### Exercise directions
What you write should be an exact repeat of the lines from the one with "Lot de 4 Bracelets" through the final line below, minus the pictures.

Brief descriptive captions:
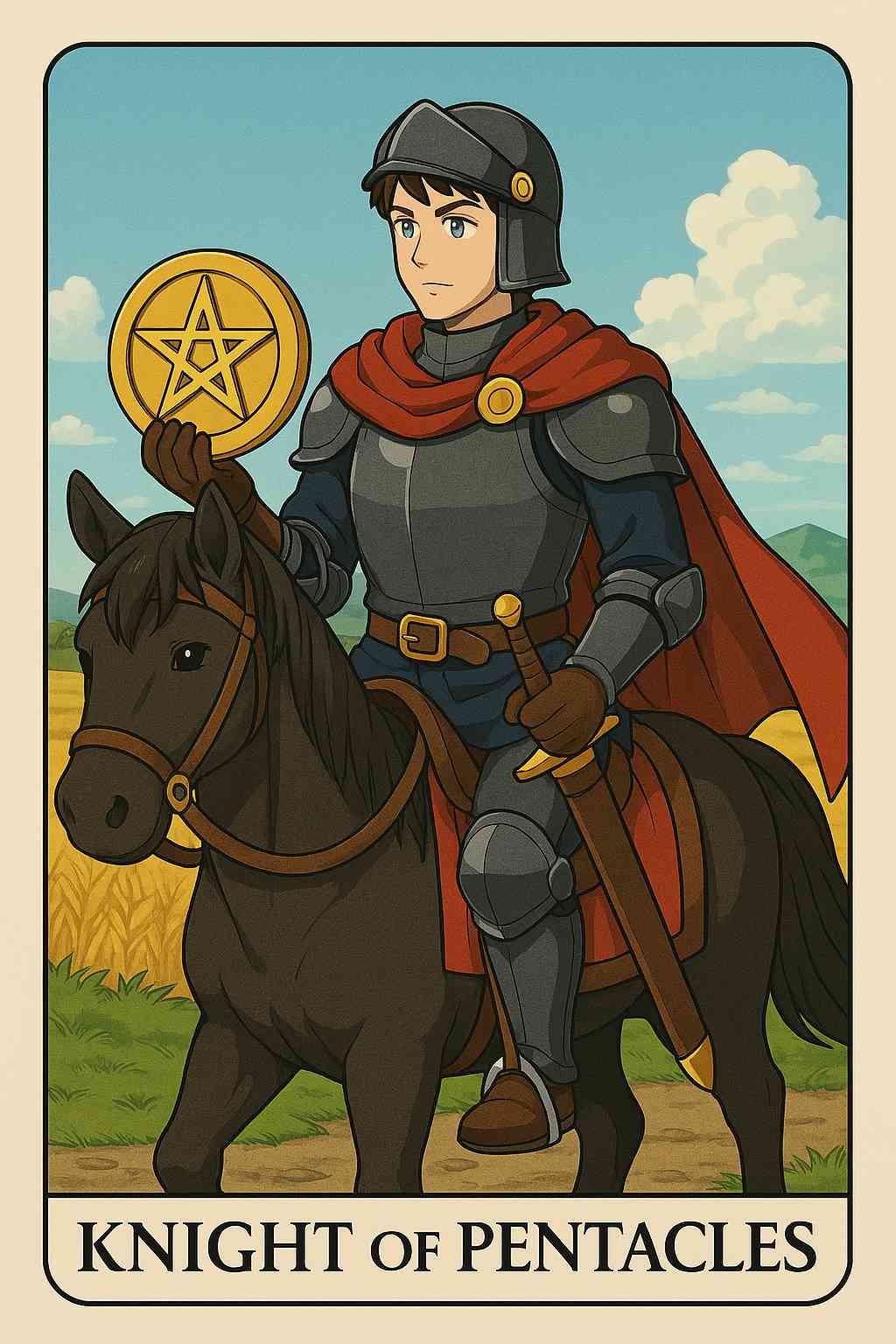 Knight of Pentacles tarot card with a rider holding a coin, symbolizing stability and effort.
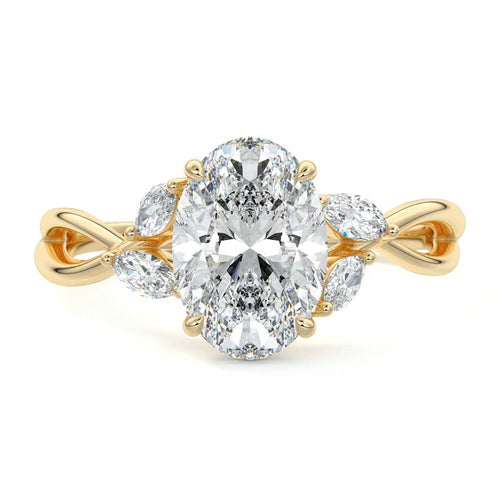 Cassia - Oval Yellow Gold Engagement Ring Detail View | Nura Lab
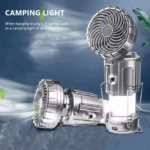 Foldable electric fan and camping lantern combined, showing the solar panel on top, USB charging port, 1500mAh battery, and power bank function for outdoor hiking gear.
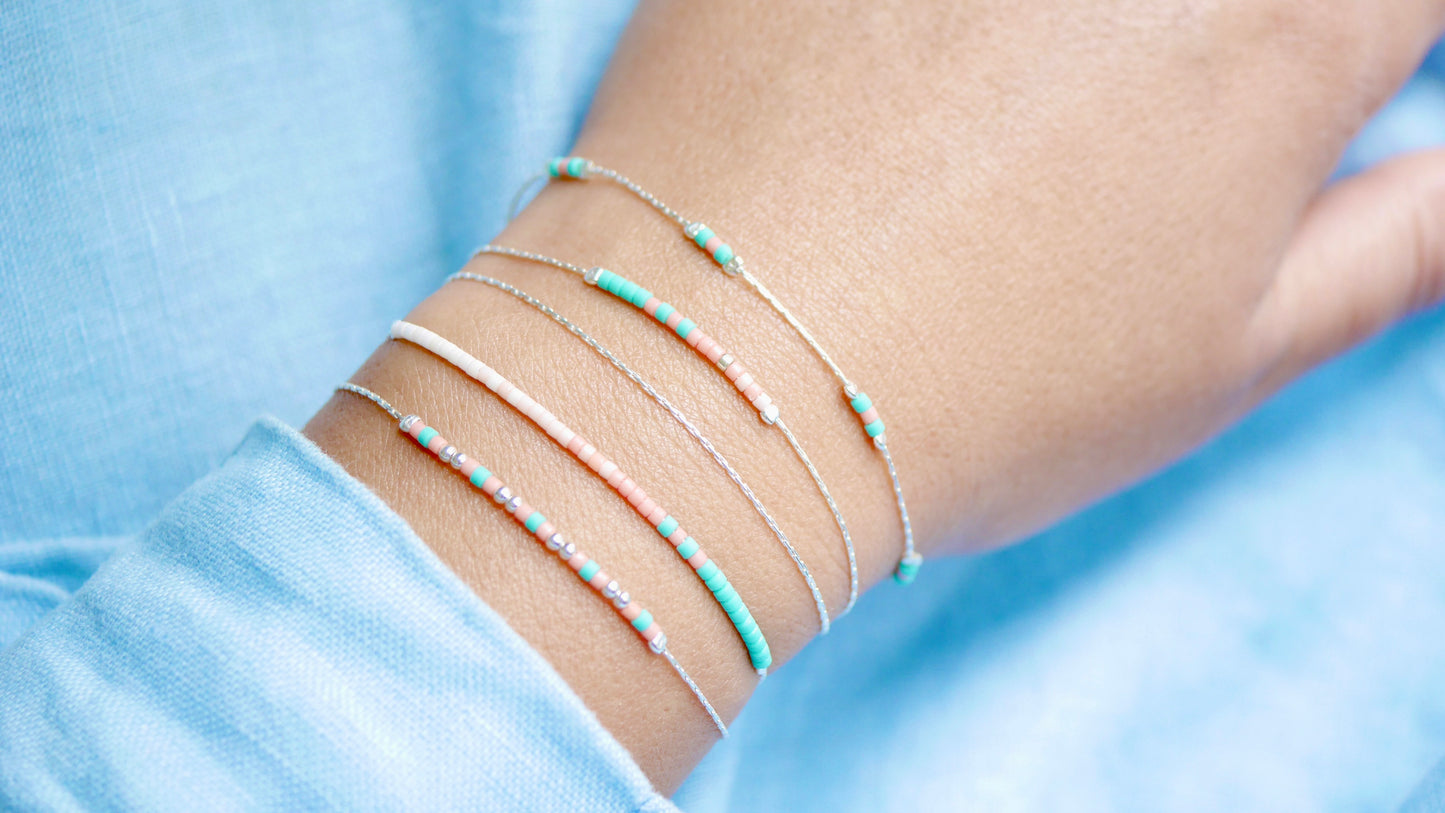 Lot de 4 Bracelets minimaliste, fin - Chaine serpent - Perles miyuki turquoise, corail, rose - Argent 925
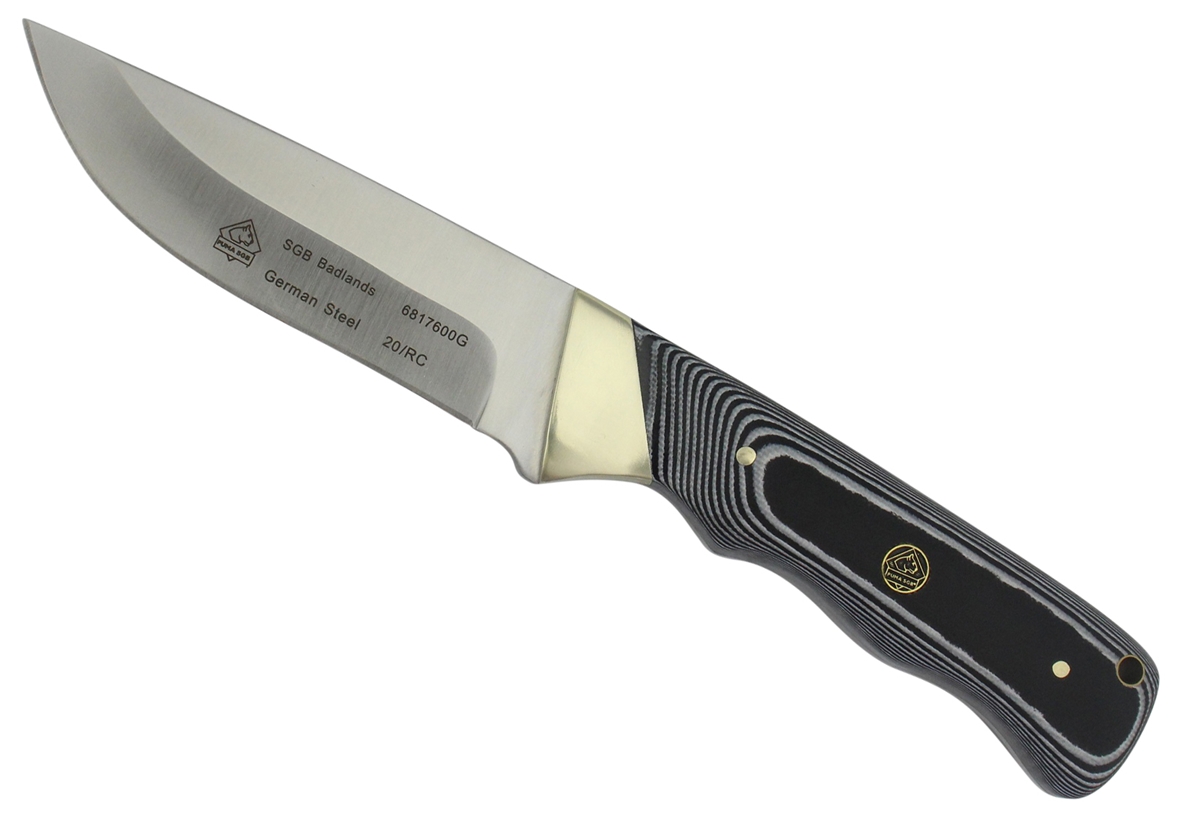 Puma SGB Badlands Black G10 Hunting Knife with Leather Sheath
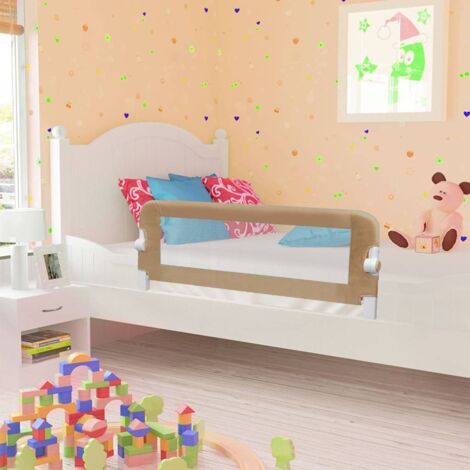 Barrière de lit enfant Taupe 102x42 cm Polyester vidaXL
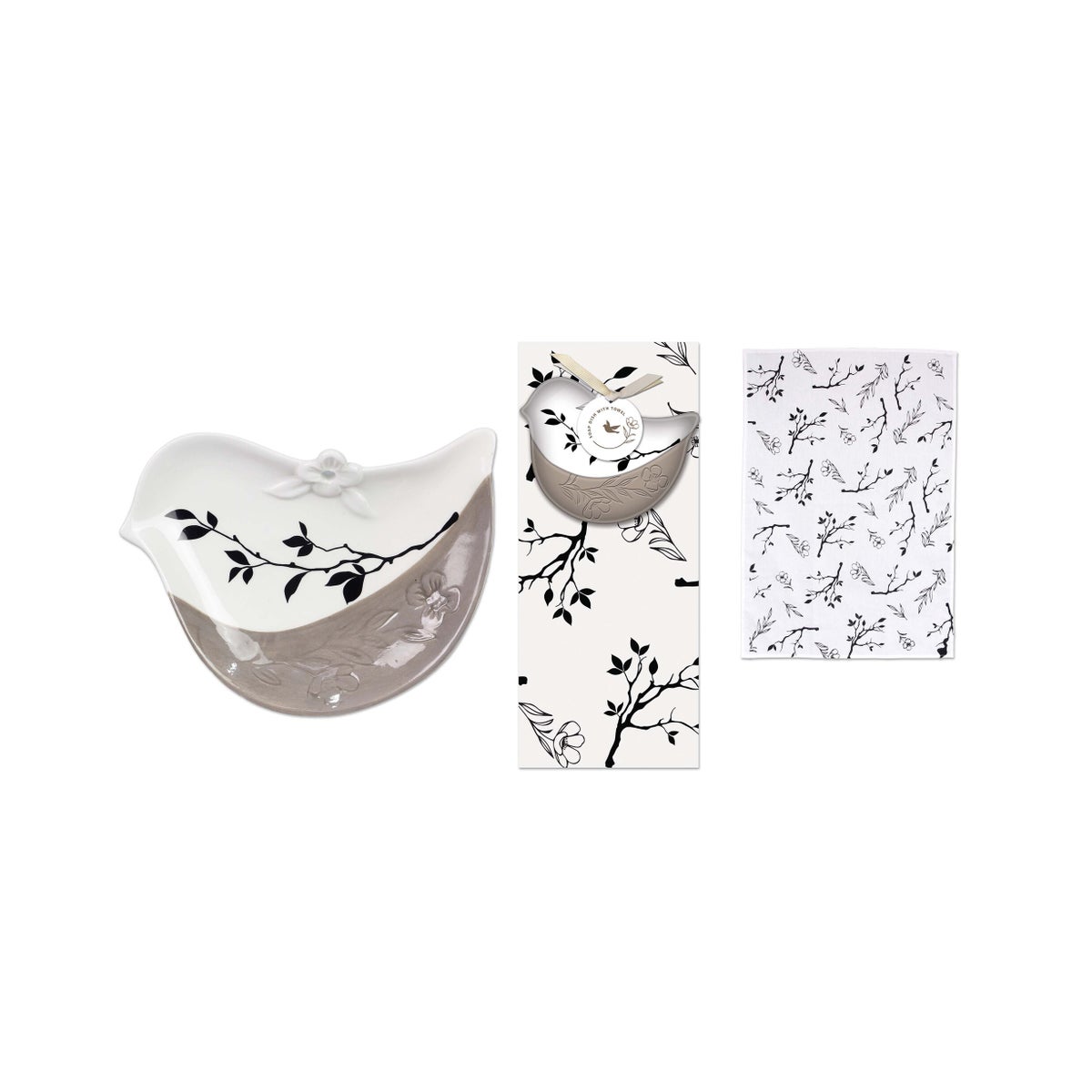 Ceramic Gray and White Bird Soap Dish with Cotton Towel Set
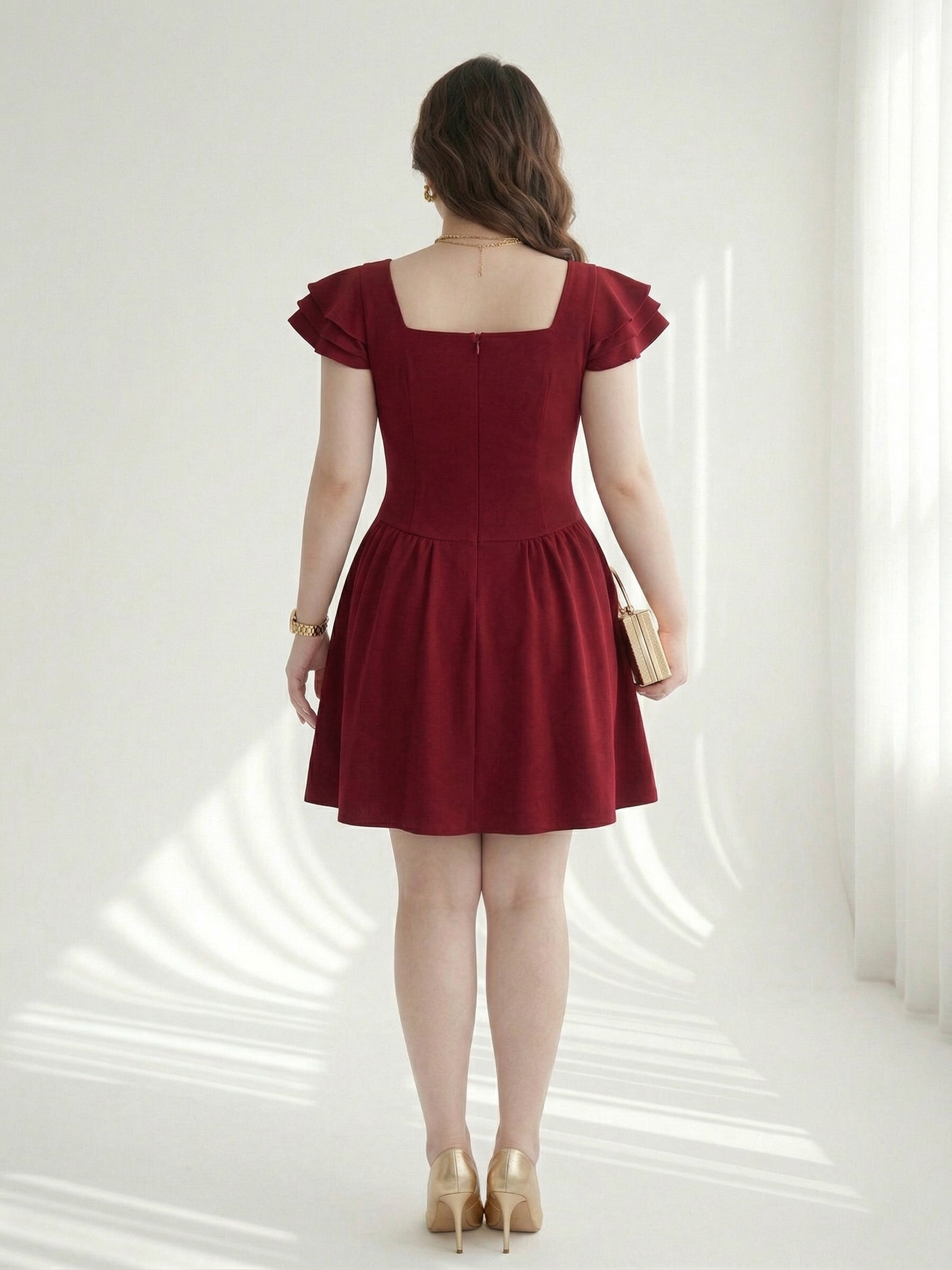 BIGSIZE - Đầm kiểu tay cánh tiên V- DA191_thumbnail_3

### Exercise answer
 Lot de 4 Bracelets minimaliste, fin - Chaine serpent - Perles miyuki turquoise, corail, rose - Argent 925
 Puma SGB Badlands Black G10 Hunting Knife with Leather Sheath
 Barrière de lit enfant Taupe 102x42 cm Polyester vidaXL
 Ceramic Gray and White Bird Soap Dish with Cotton Towel Set
 BIGSIZE - Đầm kiểu tay cánh tiên V- DA191_thumbnail_3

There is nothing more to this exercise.